Ada situasi sejarah di mana jurnalisme dan tugas kewartawanan adalah urusan kebenaran, kebaikan dan keindahan. Fakta kehidupan disentuh, didalami kemudian diungkapkan kembali dengan landasan kebenaran, dengan tujuan kebaikan dan pena keindahan.

Ada keadaan yang berbeda pada suatu masyarakat, suatu bangsa atau ummat manusia, suatu kebudayaan bahkan peradaban – di mana pekerjaan kewartawanan berkaitan dengan penghidupan keluarga pelakunya, keselamatan ekonomi rumahtangga, di mana mati dan hidup dimaknai terutama pada konteks sandang, pangan dan papan.

Pada keadaan yang kedua ini kebenaran jurnalistik berposisi timbul tenggelam, terkadang primer, di saat lain sekunder, bahkan ada situasi-situasi tertentu di mana pelaku jurnalisme mengingkari sama sekali kebenaran itu. Sudah dengan sendirinya situasi ini membuat kebaikan dan keindahan terabaikan, tak ada waktu, tak ada ruang di dalam pikiran dan kalbu untuk mengingatnya, jangankan lagi untuk menyetiainya.

Kemudian muncullah era sejarah dengan struktur nilai di mana kegiatan jurnalisme hanya dikenal sebagai subyek dan obyek industri. Tidak sekedar industrialisasi, tapi sudah dilegalisasikan dan di-iman-i sebagai bagian utama industrialism. Isme: dasar cara berpikir, akar sikap hidup, hulu hilir kebudayaan dan peradaban.

Jurnalisme tidak ada hubungannya dengan kebenaran nilai hidup, jangankan lagi kebenaran ‘langit’ yang sebenarnya merupakan asal-usul dan arah tujuan kebenaran ‘bumi’. Industri jurnalistik adalah garda depan dan ujung tombak keserakahan kapitalisme, permainan kekuasaan politik, pada tingkat konglomerasi tinggi maupun level pengemis dan penjilat. Kebenaran fakta kehidupan, kebaikan dan keindahannya, adalah faktor-faktor yang harus taat kepada keperluan mainstream kapitalisme dan industrialism.

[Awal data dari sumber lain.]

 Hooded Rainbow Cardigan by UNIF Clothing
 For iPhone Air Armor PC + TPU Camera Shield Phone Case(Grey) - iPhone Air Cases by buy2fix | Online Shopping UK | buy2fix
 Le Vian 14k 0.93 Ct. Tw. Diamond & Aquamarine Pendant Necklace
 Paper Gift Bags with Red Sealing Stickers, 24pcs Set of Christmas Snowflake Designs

Hidup bukan soal benar atau salah, baik atau buruk, indah atau jorok, bahagia atau menderita, ridha atau laknat. Bukan. Hidup adalah memperlakukan apa saja dengan pertimbangan laku atau tidak laku, marketable atau tidak marketable, kita dapat laba atau tidak.

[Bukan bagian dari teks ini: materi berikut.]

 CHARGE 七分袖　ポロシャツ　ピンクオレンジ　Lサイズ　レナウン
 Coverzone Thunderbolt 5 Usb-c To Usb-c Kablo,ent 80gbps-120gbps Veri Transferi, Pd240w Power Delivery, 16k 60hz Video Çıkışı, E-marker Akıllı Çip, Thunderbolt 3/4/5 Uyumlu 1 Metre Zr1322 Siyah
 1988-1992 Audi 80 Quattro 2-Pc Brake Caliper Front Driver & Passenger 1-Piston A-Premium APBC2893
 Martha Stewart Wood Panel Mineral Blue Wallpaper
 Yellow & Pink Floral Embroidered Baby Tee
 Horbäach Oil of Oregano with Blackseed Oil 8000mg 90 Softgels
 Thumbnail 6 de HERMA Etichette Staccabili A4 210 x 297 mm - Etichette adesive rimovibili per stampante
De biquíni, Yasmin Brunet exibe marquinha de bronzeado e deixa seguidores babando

Nasi goreng, daging sapi, susunan kalimat, tambang, Negara, kedaulatan rakyat, ayat Tuhan, demokrasi, orang sakit, anak bersekolah, pendidikan, kesehatan, Agama, kebudayaan, Nabi Malaikat dan Allah – adalah obyek-obyek untuk kepentingan kita semua dalam mencari keuntungan materi.

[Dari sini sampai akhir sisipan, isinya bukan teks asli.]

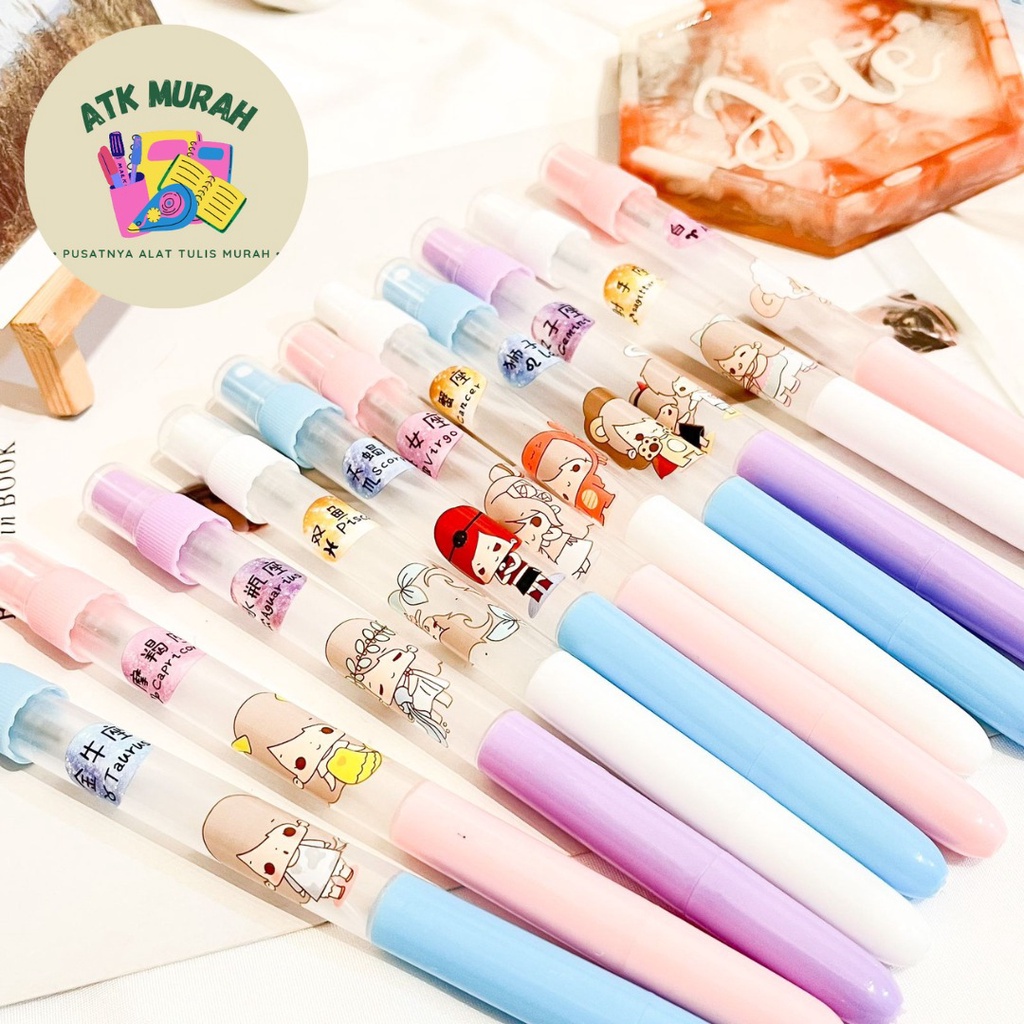 

Pulpen semprotan parfum LITTLE GIRL pena pen spray decant share in jar parfum 5ml kado unik alat tulis lucu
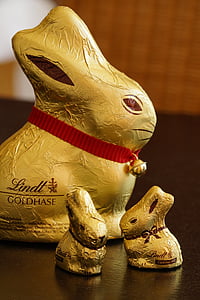 复活节兔子, 兔子, 金箔, 金, 黄金, 复活节, 春天
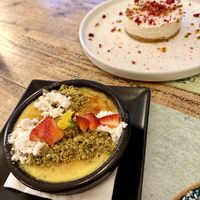 Crème brûlée in front; cheesecake in back  at roots in Thessaloniki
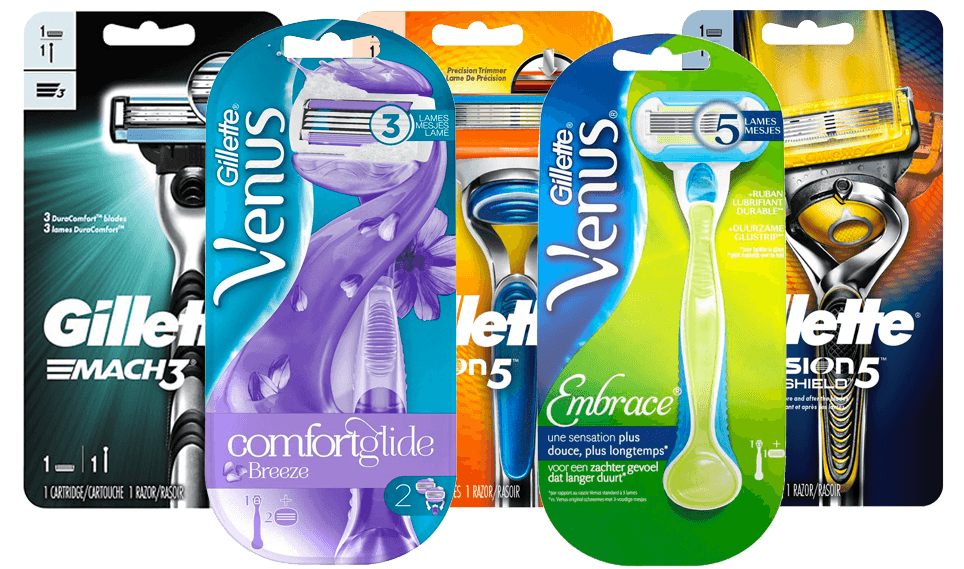 Alle merken zoals Gillette en Wilkinson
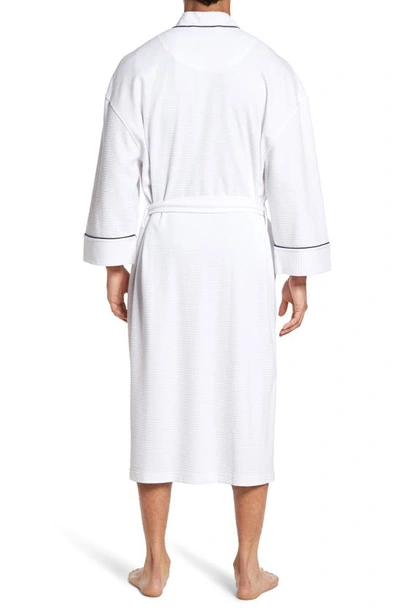 Shop Majestic Waffle Knit Robe In White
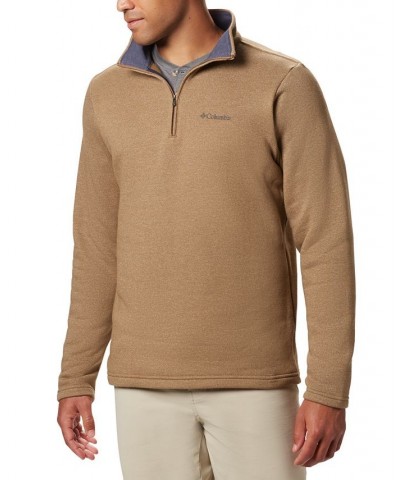 Men's Big and Tall Great Hart Mountain Half-Zip Fleece Sweatshirt Tan/Beige $26.50 Sweatshirt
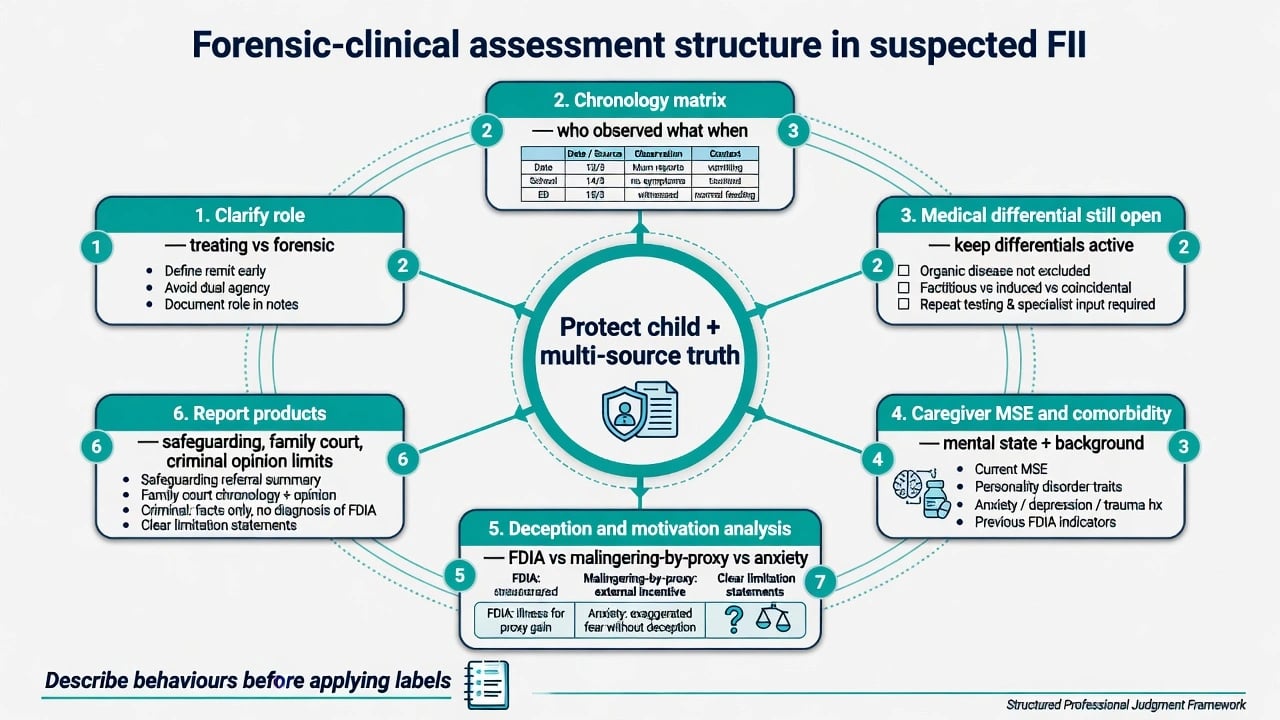Circular forensic-clinical assessment structure centred on protecting the child and multi-source truth with six surrounding assessment nodes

Ada era sejarah di mana jurnalisme adalah kekuatan utama perubahan sejarah. Ada era lain di mana jurnalisme adalah kekuatan utama yang perubahan menjadi sesuatu yang mustahil. Akhirnya nanti Tuhan datang sebagai Maha Pewarta Agung yang “khobirun bima ta’malun”: memberitakan apa saja yang sudah kita lakukan, untuk membangun kehidupan maupun untuk menghancurkannya.